Supremely Political: The Role of Ideology and Presidential Management in Unsuccessful Supreme Court Nominations

By John Massaro | Go to book overview

6. THE BORK AND GINSBURG NOMINATIONS

It's just real ineptitude to have picked him [ Bork]. He was done before he started.

— Senator J. Bennett Johnston

ROBERT H. BORK'S nightmare began on July 1, 1987, after Justice Lewis F. Powell, Jr., announced his resignation from the Court, and President Ronald Reagan nominated the District of Columbia Circuit Court of Appeals Judge to fill the vacancy. 1 After a protracted and heated debate focusing on the nominee's judicial philosophy, the Senate rejected the nomination by a vote of 58-42 on October 23, 1987.

On October 29, 1987, Reagan tried again, nominating Judge Douglas Ginsburg, also of the District of Columbia Circuit Court, to succeed to Powell's position. 2 But this nomination was withdrawn on November 7, 1987, after it was revealed that Ginsburg had smoked marijuana both as a student at Cornell and as a law school professor at Harvard.
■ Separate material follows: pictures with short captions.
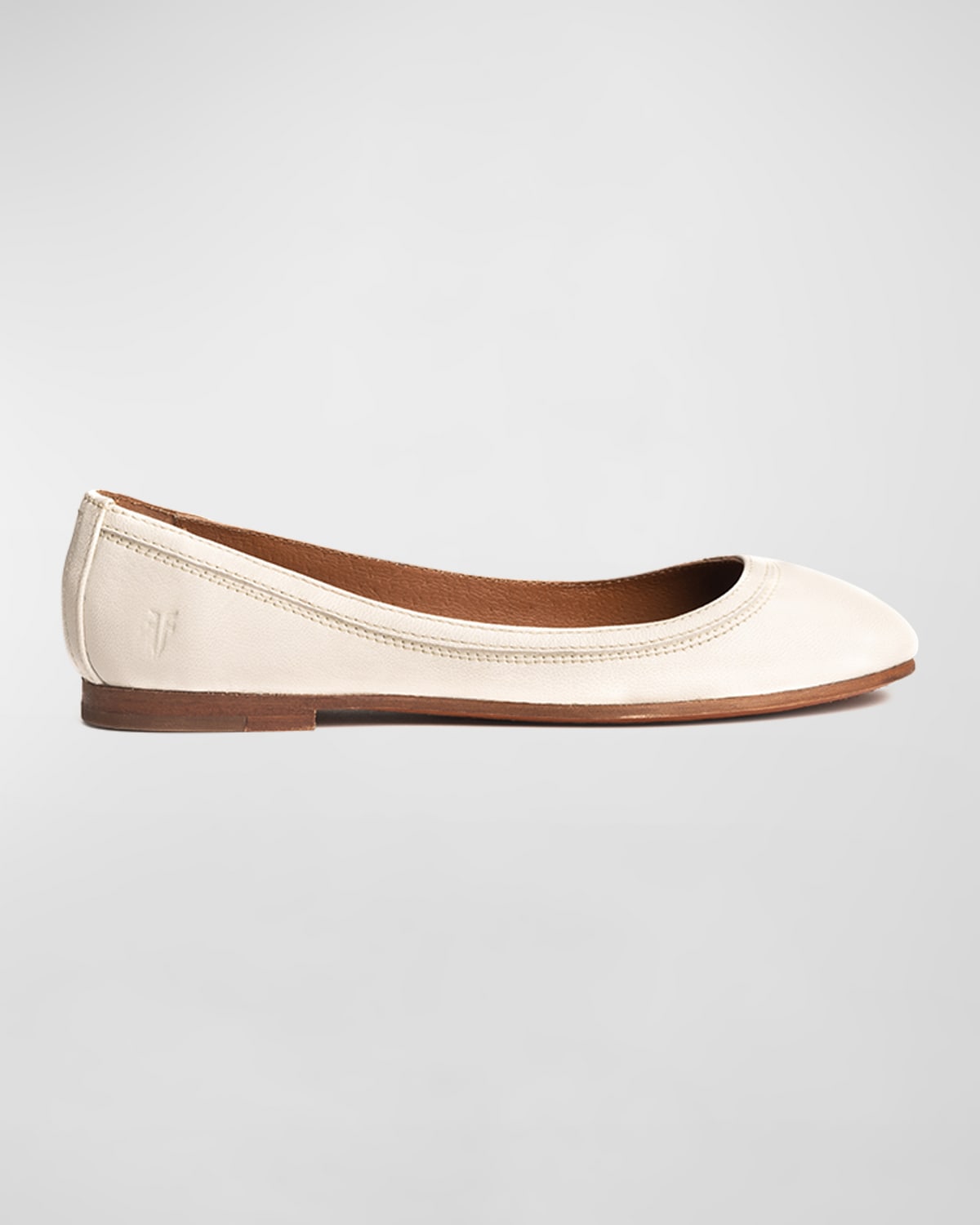 Carson Leather Ballerina Flats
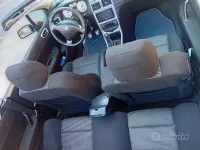 Usata Peugeot 307 CC 109 CV (80 kW) 2004 Grigio Cabrio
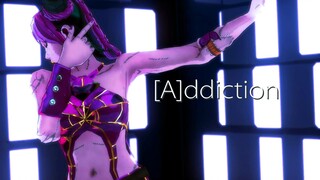 [โจโจ้ล่าข้ามศตวรรษ] MMD ของJolyne Cujohในเพลง [A]ddiction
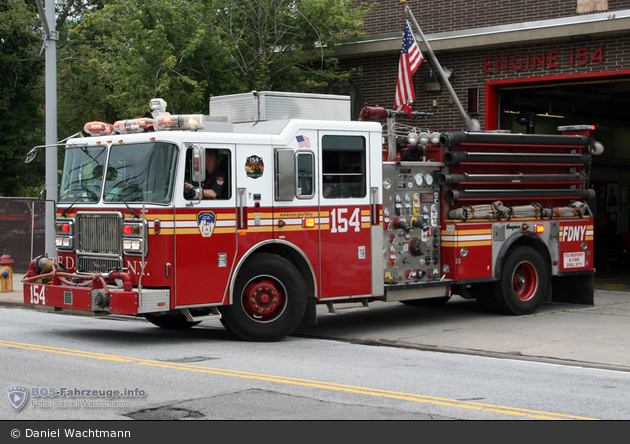 FDNY - Staten Island - Engine 154 - TLF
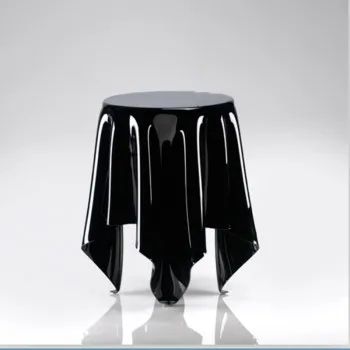 

Transparent Creative Ghost Table Magic Tablecloth Minimalist Living Room Table Modern Coffee Tables Furniture Mesinha Couchtisch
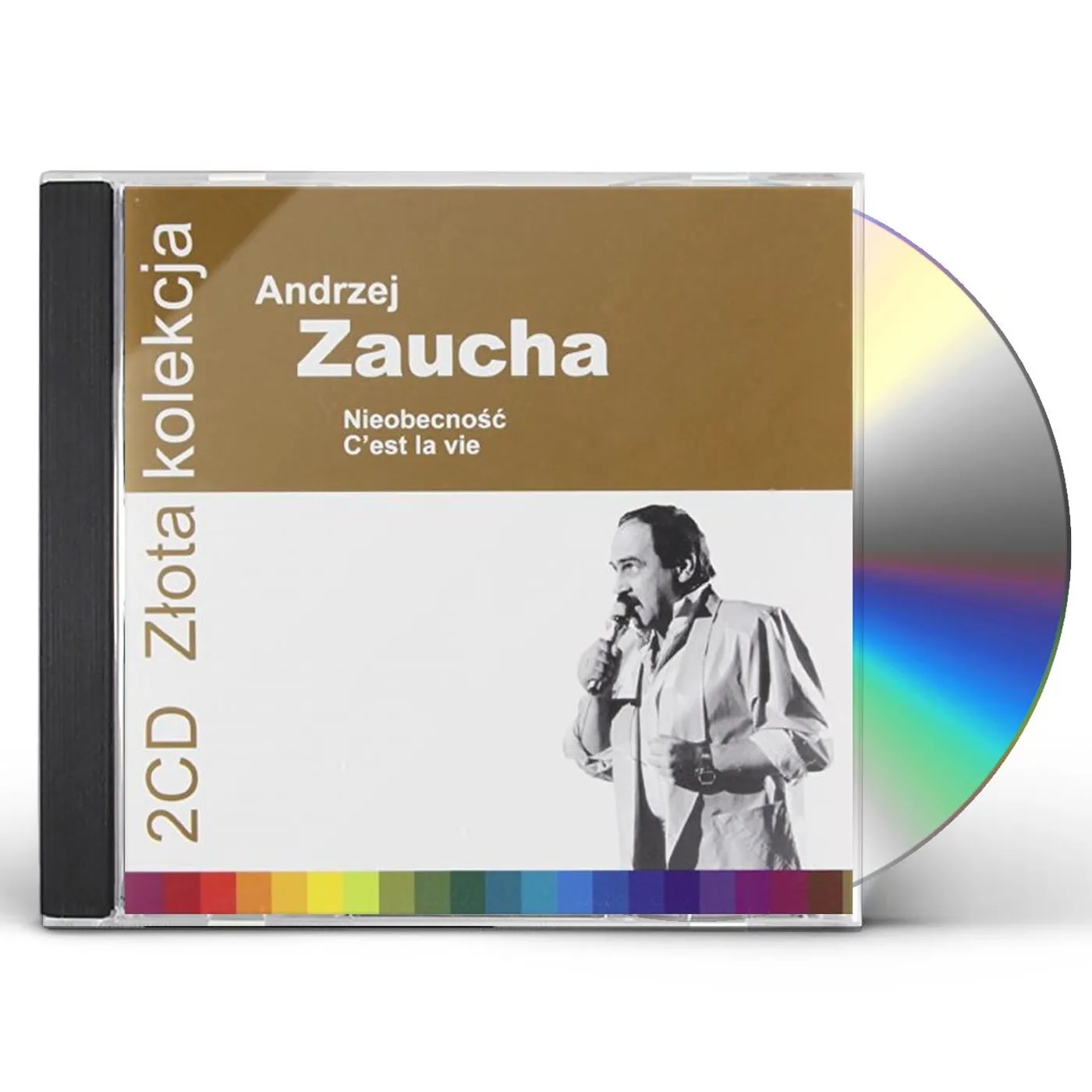 Andrzej Zaucha ZLOTA KOLEKCJA 1 & 2 CD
Ginsburg was also faulted for a possible conflict of interest violation stemming from his 1986 handling of a case involving the cable television industry when he was head of the antitrust division of the Justice Department. At the time Ginsburg was participating in this case, he owned stock in a cable television company likely to be affected by the outcome.

On November 11, 1987, in a third attempt to fill the vacancy, Reagan nominated Judge Anthony M. Kennedy of the United States Court of Appeals for the Ninth Circuit. 3 The Kennedy nomination was confirmed by the Senate on February 3, 1988, by a 99-0 count.

The goal of this chapter is to provide an explanation of the Senate's refusals to confirm Bork and Ginsburg by drawing upon the background provided by the Fortas, Haynsworth, and Carswell cases and other unsuccessful nominations.